# Such a versatile breed - hunting, obedience, dietary aide...



## brianne (Feb 18, 2012)

So, like many people do at the beginning of a New Year, I resolved to work on my diet. I have a sweet tooth that is hard to tame and could definitely use more exercise in my life. I decided to get Chumlee to help me with the exercise piece. I knew he would be willing to take some extra long walks rather than our usual 20 – 30 minutes to get both of us out in the fresh air.

Early Saturday morning Chumlee and I got in the car and headed to our favorite exercise spot. I was mentally congratulating myself for keeping my promise to exercise more. I noticed that Chumlee was furtively looking in a bag and then keeping his head averted. Wonder what he's doing?? It looks like he's eating something but there's no food in the car, right??

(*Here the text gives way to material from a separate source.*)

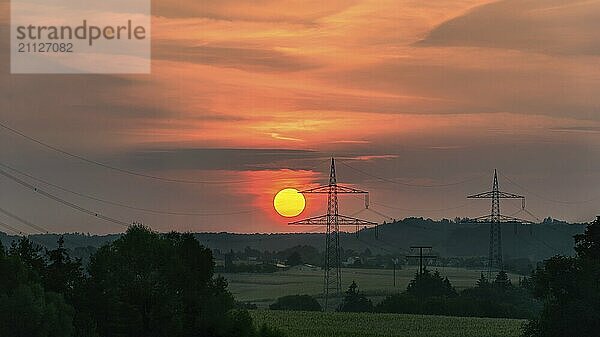 Rote Sonne  die über einem deutschen Dorf und der umgebenden grünen Natur aufgeht  und Silhouetten von Hochspannungsmasten  in der Nähe von Schwäbisch Hall  Deutschland  Europa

Curiously, I called his name and he turned his head to look at me in the rearview mirror. Chum had a bunch of rainbow gummy worms hanging out of his mouth and he's chewing furiously with a very pleased look on his face! My secret stash that I had forgotten! I wish I could have gotten a picture.

Chumlee managed to scarf down an entire bag of gummy worms to keep me honest on my diet. Such a helpful boy!


----------



## rabernet (Feb 24, 2015)

The mental picture is awesome! I really wish you had a camera too! Good boy Chumlee!


----------